The primary limitation of this study is that by selecting studies published in 14 journals, we do not examine reports from the full spectrum of NIH-funded RCTs. Because of this, our findings regarding enrollment, analysis, and reporting of women and minorities in RCTs may not be representative of the complete scope of NIH-funded RCTs and may differ from the rates reported in the NIH biannual inclusion report. However, we did select the leading 14 journals that publish RCTs from the fields of general internal medicine and a wide range of medical specialty and subspecialty areas. Our analysis included one large HIV-related international study, which may not reflect the pattern of recruitment of domestic studies.

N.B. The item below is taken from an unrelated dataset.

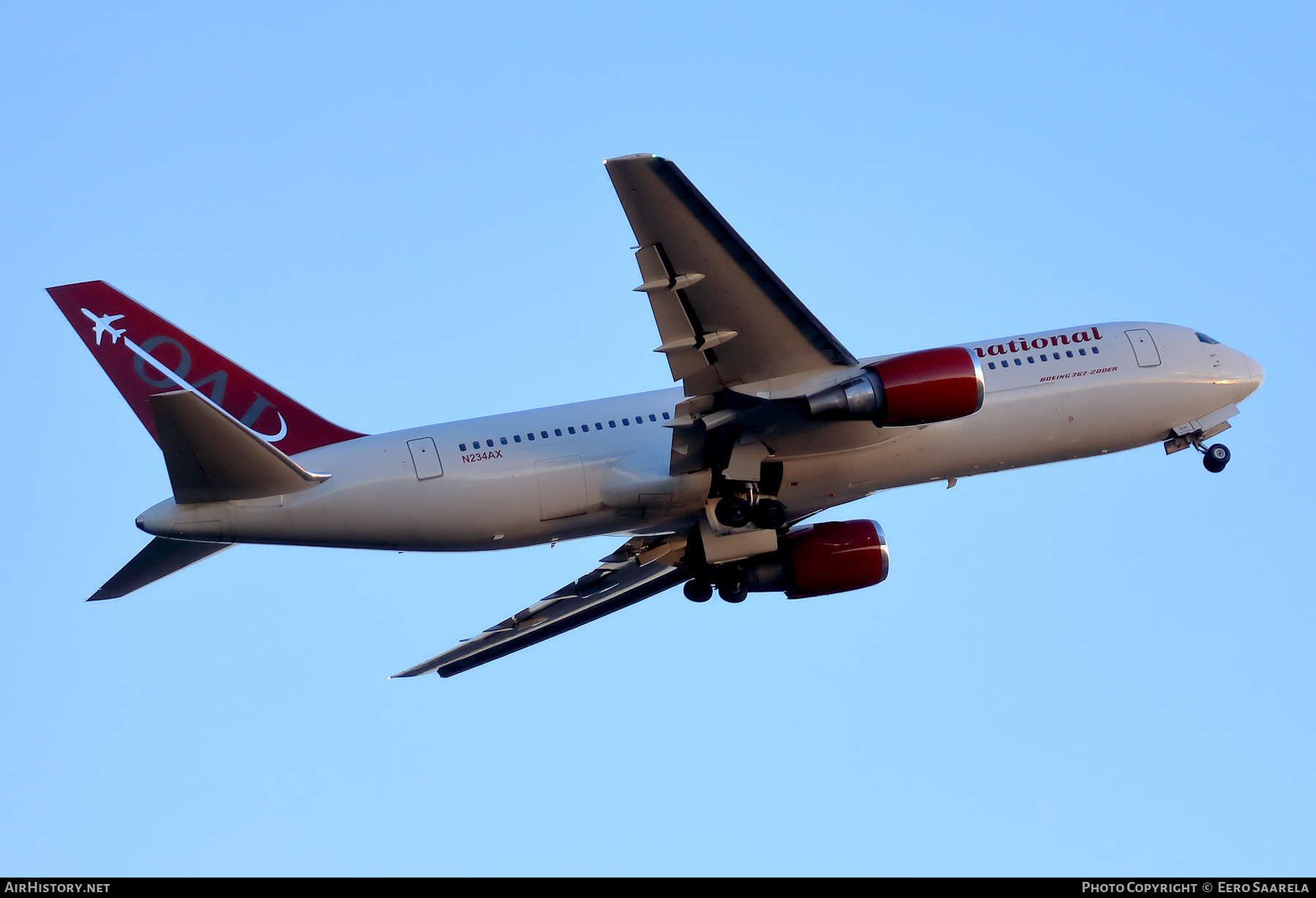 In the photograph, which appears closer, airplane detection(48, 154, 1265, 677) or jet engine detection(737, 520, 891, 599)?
airplane detection(48, 154, 1265, 677)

We recommend the following remedial actions: open discussion among all members of research teams regarding implicit sex/gender and race bias that may affect participant recruitment and data analysis; creation of a sense of urgency by principal investigators leading clinical trials about the importance of broad representation among participants from the standpoints of equity and good science; strong author guidelines for reporting clinical trial results by sex, race, and ethnicity within peer-reviewed journals; and revision of NIH grant policy to score grant applications on their plans for representation, recruitment strategies, and whether they will be powered to detect differences between groups.
Our findings indicate that federal law alone is insufficient to change practice in the conduct of NIH-funded RCTs regarding the inclusion, analysis, and reporting of women and ethnic/racial minorities. The lack of progress toward the goal of better understanding sex-specific and race/ethnicity-specific differences in biomedical research limits our ability to provide the best clinical care to all people.